Exercise brief: The records below are to be transcribed exactly, with the pictures removed.

The data:
+ + + +

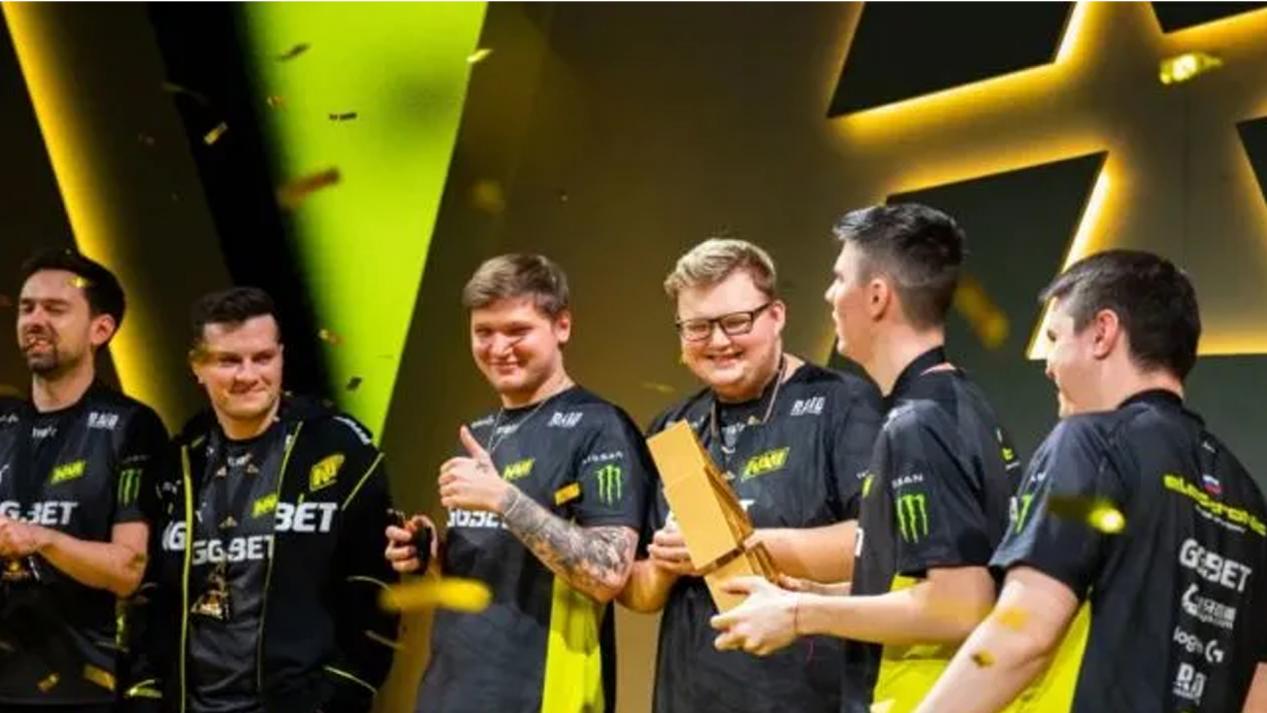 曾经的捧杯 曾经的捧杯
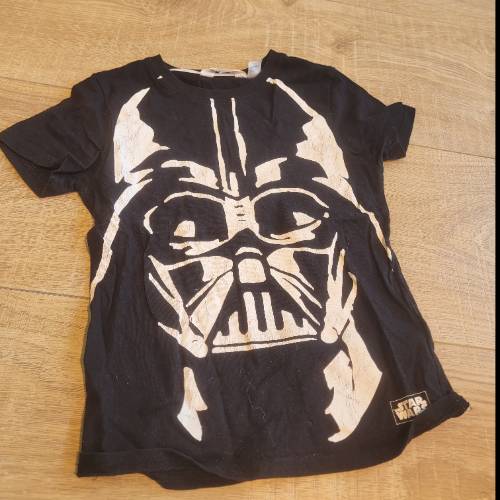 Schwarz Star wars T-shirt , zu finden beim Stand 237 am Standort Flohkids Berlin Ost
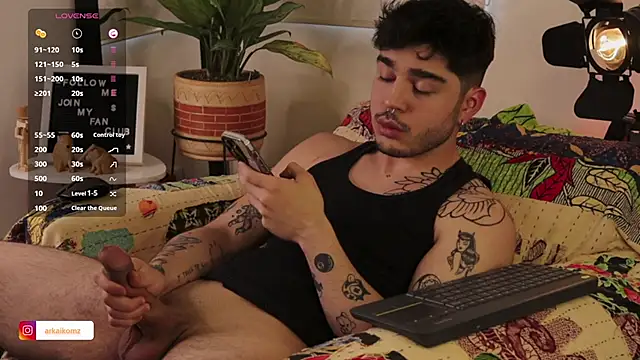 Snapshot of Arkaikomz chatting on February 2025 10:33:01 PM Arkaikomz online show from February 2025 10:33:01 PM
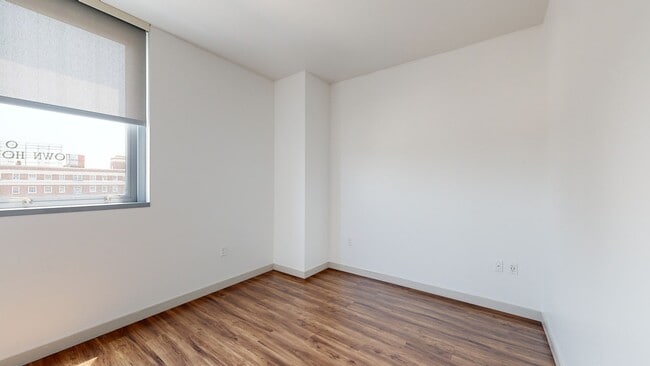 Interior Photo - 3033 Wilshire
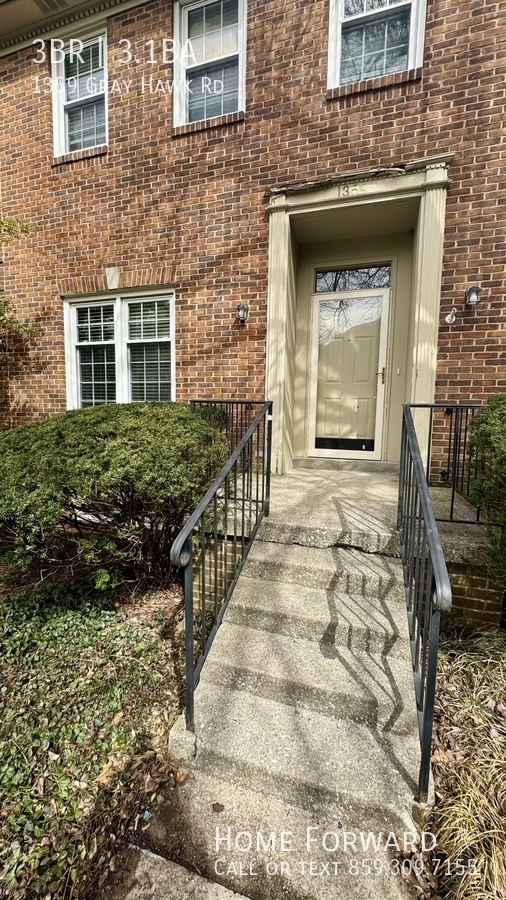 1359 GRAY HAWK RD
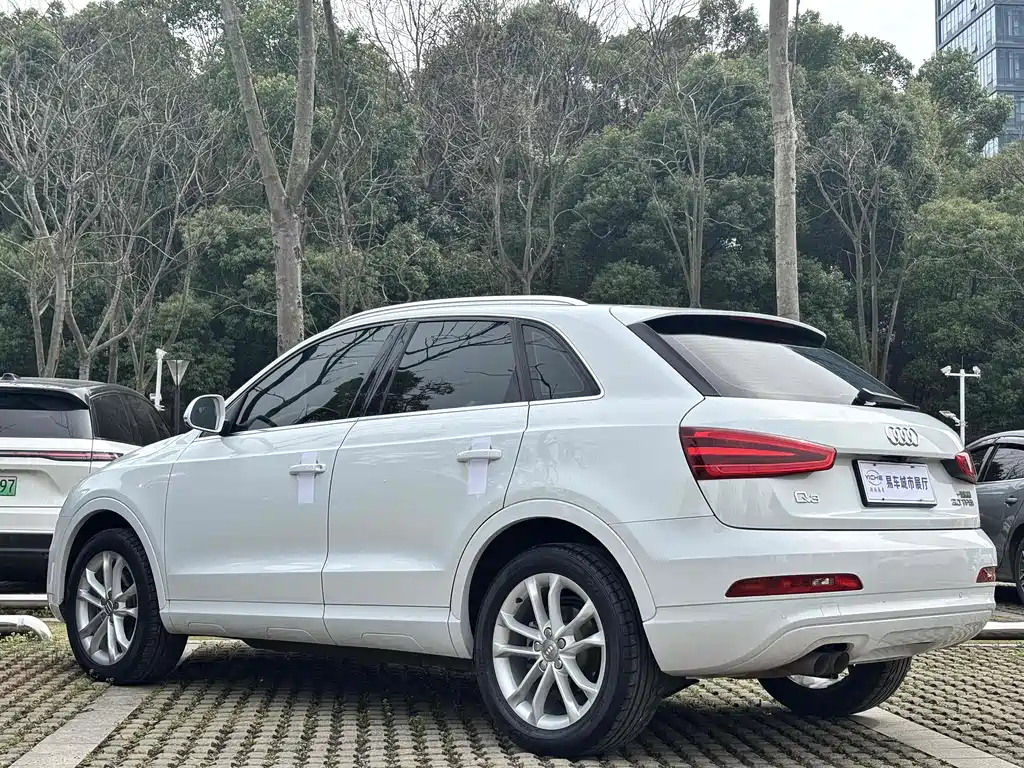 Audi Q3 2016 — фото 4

+ + + +

Response:
 曾经的捧杯 曾经的捧杯
 Schwarz Star wars T-shirt , zu finden beim Stand 237 am Standort Flohkids Berlin Ost
 Snapshot of Arkaikomz chatting on February 2025 10:33:01 PM Arkaikomz online show from February 2025 10:33:01 PM
 Interior Photo - 3033 Wilshire
 1359 GRAY HAWK RD
 Audi Q3 2016 — фото 4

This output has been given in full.